In the preon model described in the article, which is said to be only one of several that have been put forward, there are two different fundamental preons, termed the "plus (+)" and the "zero (0)", along with their antiparticles.  The plus and its antiparticle have electrical charge, while the zero and its antiparticle do not.
The gluons that are the carriers of the strong force are also composite objects made of the same set of preons.

Lincoln writes and illustrates that the preon model does a good job of representing the known hierarchy of the various families of quarks and leptons and their associated bosonic force particles.  But, according to the article, there is a fundamental problem with the preon model: because the masses of the leptons and quarks are already established, there is no room in it to accommodate the masses of force carrying particles needed to bind like-charged preons into the various charged quarks and leptons.  For example, gluons in the Standard Model account for most of the proton mass, while the up and down quarks are quite light comparatively.  Particles to bind preons with similar charges as quarks would need to be at least as massive as the gluons, and so would lead to larger quark masses than observed. This is where the anti-centrifugal force of the Thomas precession can help.  It provides a mechanism for overcoming electrostatic repulsion that does not require mediation by massive force-carrying particles.  It is simply a kinematical necessity of
charged particles and electrostatic forces existing in flat Minkowski spacetime.

The anti-centrifugal force of the Thomas precession and its apparent manifestation in Maxwell-Lorentz electrodynamics, as the magnetic force on a relativistic charge moving in the magnetic field created by a Coulomb-accelerating relativstic charge, and how Coulomb repulsion is overcome at extremely small interparticle separations, is described in my arxiv paper http://arxiv.org/abs/1108.4343.  I often call this force the strong magnetic force.
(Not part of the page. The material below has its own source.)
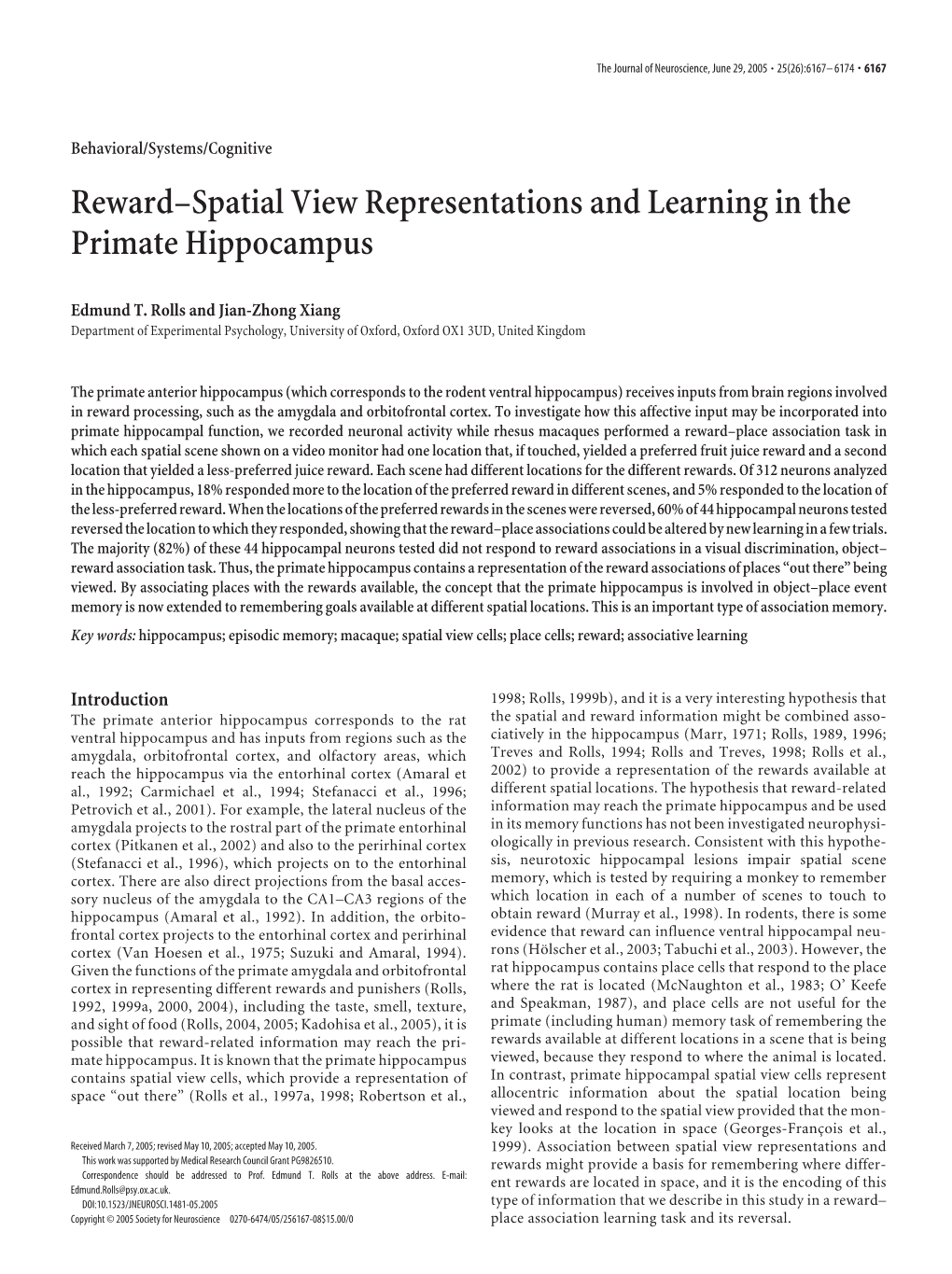 Reward–Spatial View Representations and Learning in the Primate Hippocampus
Remarkably, application at the scale of the preon model solves a problem I have been having with trying to apply the strong magnetic force directly as binding ultra-relativstic quarks into nucleons without reference to gluons.  This nucleon model is similar to the MIT Bag Model and so is not completely without precedent.  However, apart from being directly contradictory to the now very well established Standard Model, I have not obtained that it is strong enough to bind as large an object as a nucleon.  I get that the strong magnetic force overcomes Coulomb repulsion at a separation that is about one one-hundredth of the measured size of the proton.  This would seem indeed to make it a better candidate to bind preons into quarks, than to bind quarks into nucleons.  Even more remarkably, here it seems the strong magnetic force need not contradict any established physics, and its lack of need for force carrying particles is an essential characteristic for making the preon model work.